Debugging File::Find Problems

The perl File::Find module is commonly used to traverse directories. The default behavior of this module may cause unexpected results, notably for absolute versus relative file paths. Debugging these problems can be difficult for the inexperienced. The buggy-find script illustrates this case:

$ cd /tmp
$ mktemp -d test.XXXXXXX
test.BRQnCls
$ perl buggy-find test.BRQnCls
DBG: dir=test.BRQnCls, file=test.BRQnCls (.)
could not stat test.BRQnCls: No such file or directory
$ perl buggy-find `pwd`/test.BRQnCls
DBG: dir=/tmp/test.BRQnCls, file=/tmp/test.BRQnCls (.)
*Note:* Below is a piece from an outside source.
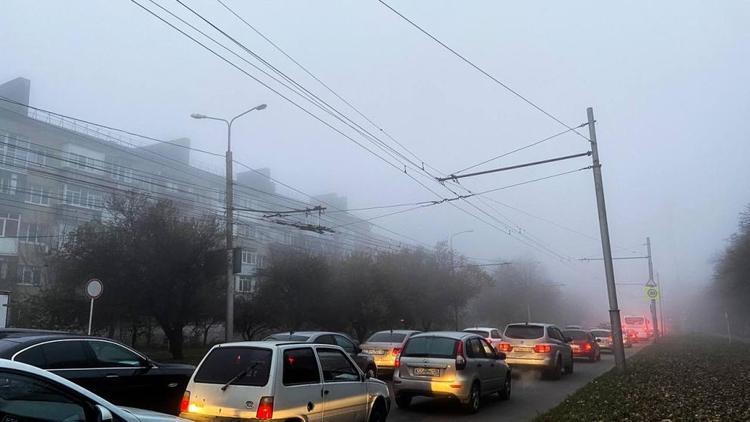 Водителей Ставрополья предупредили о тумане в Курском округе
Passing the relative directory name test.BRQnCls to the script fails, while the same name fully qualified works. Note that “fails” and “works” are poor terms, as they are vague, and communicate nothing about the problem. A description of the problem—“passing a relative path causes the script to not be able to stat a directory that does exist, while using an absolute path succeeds”—and full source code should be provided when asking for help. A full description of the problem may provide clues, or at least eliminate things to check on: test.BRQnCls certainly exists, though cannot be found for some reason when supplying a relative path name.
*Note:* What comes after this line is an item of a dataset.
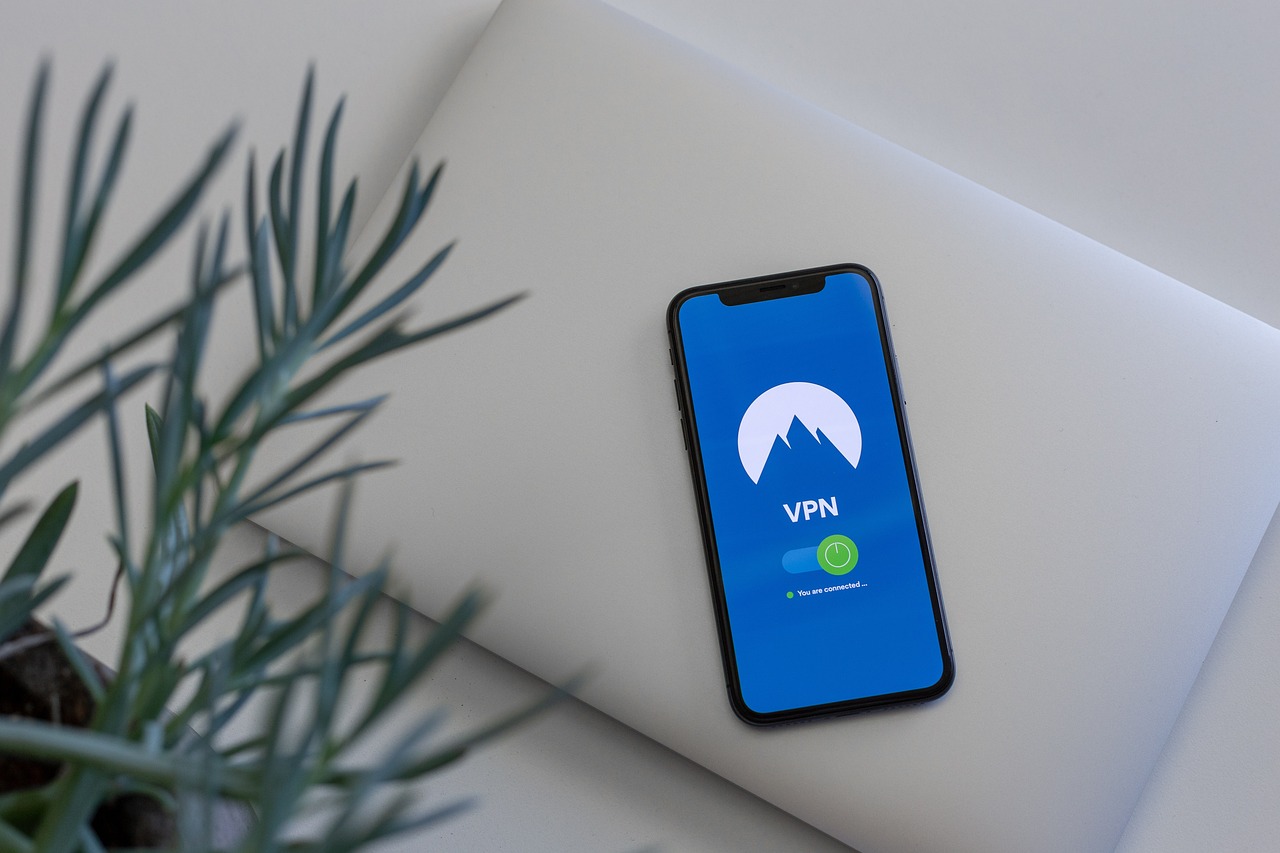 金沙秀app最新版，涉嫌违法犯罪的移动娱乐风险警示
The (invisible) problem in this script is due to the behavior of File::Find, coupled with a misuse of the variables offered by File::Find. Also, the script fails to reveal the invisible problem, which makes it difficult for someone who does not know or has forgotten about PWD to understand the issue. In both cases, File::Find has issued a chdir call into the test.BRQnCls directory. Starting with an absolute path, $File::Find::name points to /tmp/test.BRQnCls. With a relative starting path, $File::Find::name instead points to test.BRQnCls, which the script has already moved into. Therefore, the script cannot find that directory, because it is already in that directory—unless that directory contained a subdirectory with an identical name:

$ mkdir -p test/test/test
$ perl buggy-find test
debug: dir=test, file=test (.)
debug: dir=test, file=test/test (test)
debug: dir=test/test, file=test/test/test (test)
could not stat test/test/test: No such file or directory

In each case, the script, when considering test, is actually performing the stat on test/test, and so forth. This could be revealed by also having the script print the current working directory via the Cwd module as part of the debug information.

The solution is to use $_ instead of $File::Find::name, as this variable is set correctly to . when considering the directory the script has just issued a chdir into. $File::Find::name could still be used, but only for display purposes. File::Find also has a no_chdir option.

Another Gotcha & Alternative

Note that symbolic links may also complicate matters, depending on when they are encountered, and what they point to:

$ readlink /tmp
private/tmp
$ ls -ld /tmp
lrwxr-xr-x@ 1 root wheel 11 Aug 14 2009 /tmp -> private/tmp

As an alternative to File::Find, consider File::Find::Rule.